Feb 11, 2011 --- Laying it all out on the table, PLANSPONSOR and PLANADVISER’s Editor-in-Chief, Nevin E. Adams, opened the first Virtual PLANADVISER National Conference (VPANC) by outlining the top 10 trends most likely to impact the retirement industry this year.   ---

The first trend to watch for in 2011 was dubbed “’Share Alikes?” referring to the expected proliferation of revenue-sharing lawsuits.  Adams said it’s not only large plans that need to worry about this anymore. The first wave of lawsuits came about in 2006, and so far, most plaintiffs have not been successful.  However, as more law firms are becoming “experts” in the Employee Retirement Income Security Act (ERISA), Adams predicted we can expect to see more lawsuits this year.

The biggest concern for plan sponsors, however, may not be fee-related litigation. Rather, lawsuits about employer stock and stock-drop cases will be more troubling, Adams said.

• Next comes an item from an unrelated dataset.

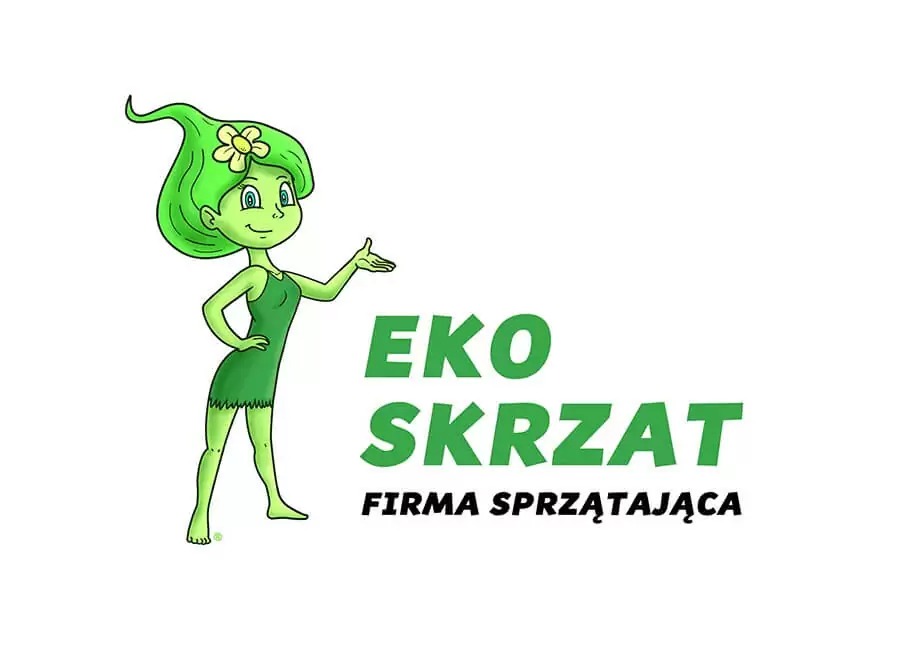 Ilustracja logo firmy sprzątającej EKO SKRZAT z zieloną postacią elfa z kwiatem we włosach.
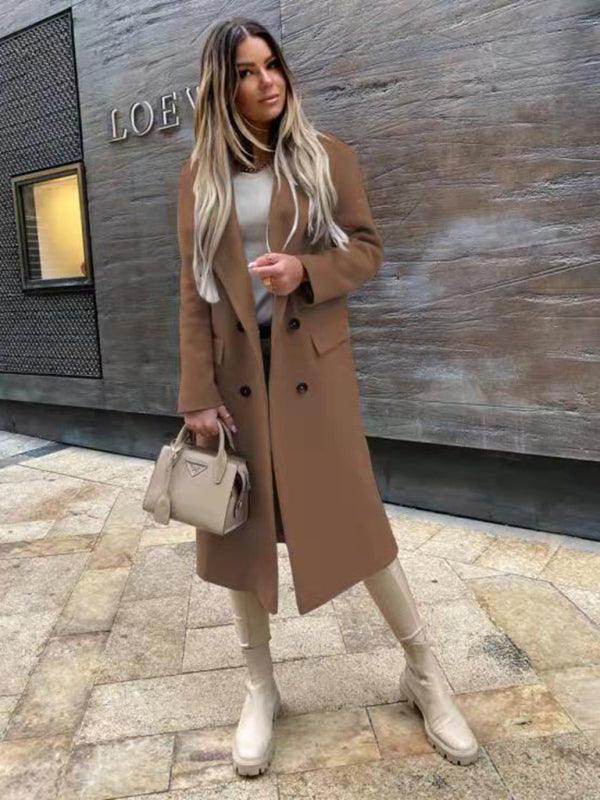 women's long sleeve suit collar double breasted woolen coat coat - 808Lush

The second topic under the microscope was taxes, and the question was posed: “What if your taxes won’t be lower in the future?” Adams said there has been a long standing presumption that deferring taxes on retirement savings is the smart move, so you pay taxes at a lower level when you’re ready for the distribution; it is supposed to be a win/win situation. But what if taxes are higher in the future? In a “virtual” show of hands, Nevin questioned those listening to the webcast who thinks taxes will go down in the future. This is not likely–younger workers might be at the lowest tax rates of their lives today, Adams suggested. Yet the number of plans offering a Roth solution has been sluggish–18.8% of plans offered Roth in 2009, with a median usage rate of 5%.  The “accepted” understanding of the role tax savings may have to be reevaluated this year.

The avalanche of disclosures was the third trend Adams discussed.  He expects it will indeed feel like information will be “dumped” on plan sponsors, and in the beginning, it will lead to more questions than answers. Some of the disclosures sponsors will have to sort through are the 5500 Schedule C, 401(k) fair disclosure, and the Pension Security Act, the pending 408(b)(2) regulations, and then, they’ll have to figure out what participant disclosures they’ll have to provide.  As Adams said, “disclosure is not (necessarily) clarity, and more disclosure is not (necessartly) more clarity. However, it beats the alternative.”